|Elio di Rupo will be Belgium’s first prime minister from francophone Wallonia since 1974 [EPA]|
Belgian politicians have finally agreed to form a government after record-long talks finally led to the creation of a six-party coalition tasked with implementing the most profound state reform in decades and restoring the country’s finances.
The government, announced late on Monday and due to be sworn in on Tuesday almost 18 months since the last elections in June 2010, will be headed by Elio Di Rupo, the French-speaking Socialist leader.
Di Rupo is the first Belgian prime minister to come from the francophone region of Wallonia since 1974, as well as the first son of immigrants and the first openly gay person to lead the government of the bilingual country.

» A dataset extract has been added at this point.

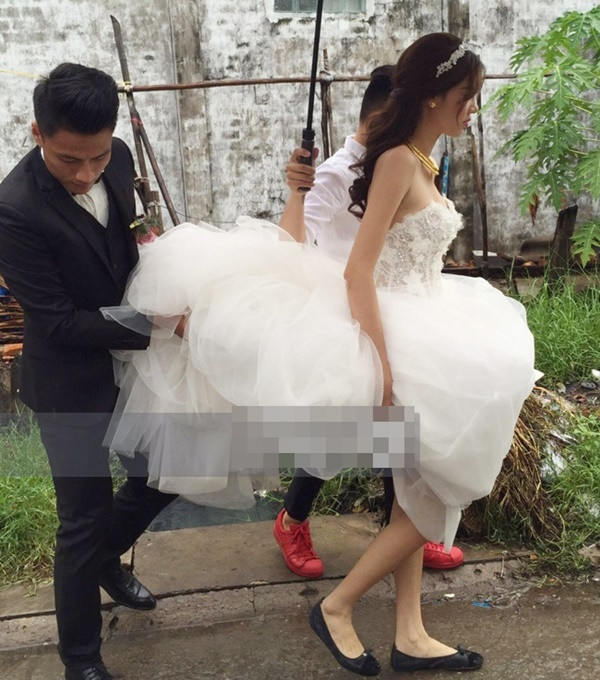 Trời mưa lớn, Mạc Hồng Quân phải xách váy cho Kỳ Hân: Sau sự cố chậm chuyến bay, cuối cùng Mạc Hồng Quân cũng đã đến nhà Kỳ Hân đón dâu đúng như dự kiến. Tuy nhiên, sau khi làm xong lễ tại nhà cô dâu và di chuyển đến nơi tổ chức tiệc thiết đãi bạn bè, trời đổ mưa lớn khiến đường ướt, lầy lội. Ngõ vào khu vực nhà Kỳ hân nhỏ nên ô tô không thể vào sâu bên trong.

Di Rupo’s government retains many of the ministers from the caretaker government of Yves Leterme, the current acting prime minister, albeit in different roles.
Steven Vanackere, a Flemish Christian Democrat, becomes finance minister and Didier Reynders, a francophone Liberal, foreign minister in a straight job switch.
The government must satisfy demands of the Dutch-speaking Flemish majority for devolution of further powers to Belgium’s regions, and may have to redraw a budget that economists say is based on too optimistic a growth forecast.
The more right-leaning Flemish electorate has already expressed concern about being led by a French-speaking Socialist, and one whose command of Dutch is considered limited.
A poll in Le Soir newspaper showed just 29 per cent of Flemish people had confidence in Di Rupo, although his support in French-speaking Wallonia was 69 per cent.
Talks including N-VA, a party that wants Flanders to break free from Belgium, were deadlocked for months, prompting speculation that 181-year-old Belgium could break apart.
The N-VA’s eventual exit opened the door for a deal resolving electoral boundaries around the capital Brussels, devolution of more powers to the regions and financial transfers, issues over which Belgium’s linguistic groups have argued for years.
Belgium also has a budget battle on its hands and might be forced to toughen austerity measures that drew 50,000 protesters onto the streets last Friday.
Belgium has found itself in an uncomfortable middle ground between triple-A rated eurozone countries and those at the periphery of the single currency bloc whose sovereign debt has been sharply sold off since the start of last year.
Belgium’s public sector debt totalled 96 per cent of gross domestic product last year, putting it behind only Greece and Italy in the eurozone and on a par with Ireland.
It has also been saddled with providing the bulk of state guarantees to the bailed-out Franco-Belgian financial group Dexia.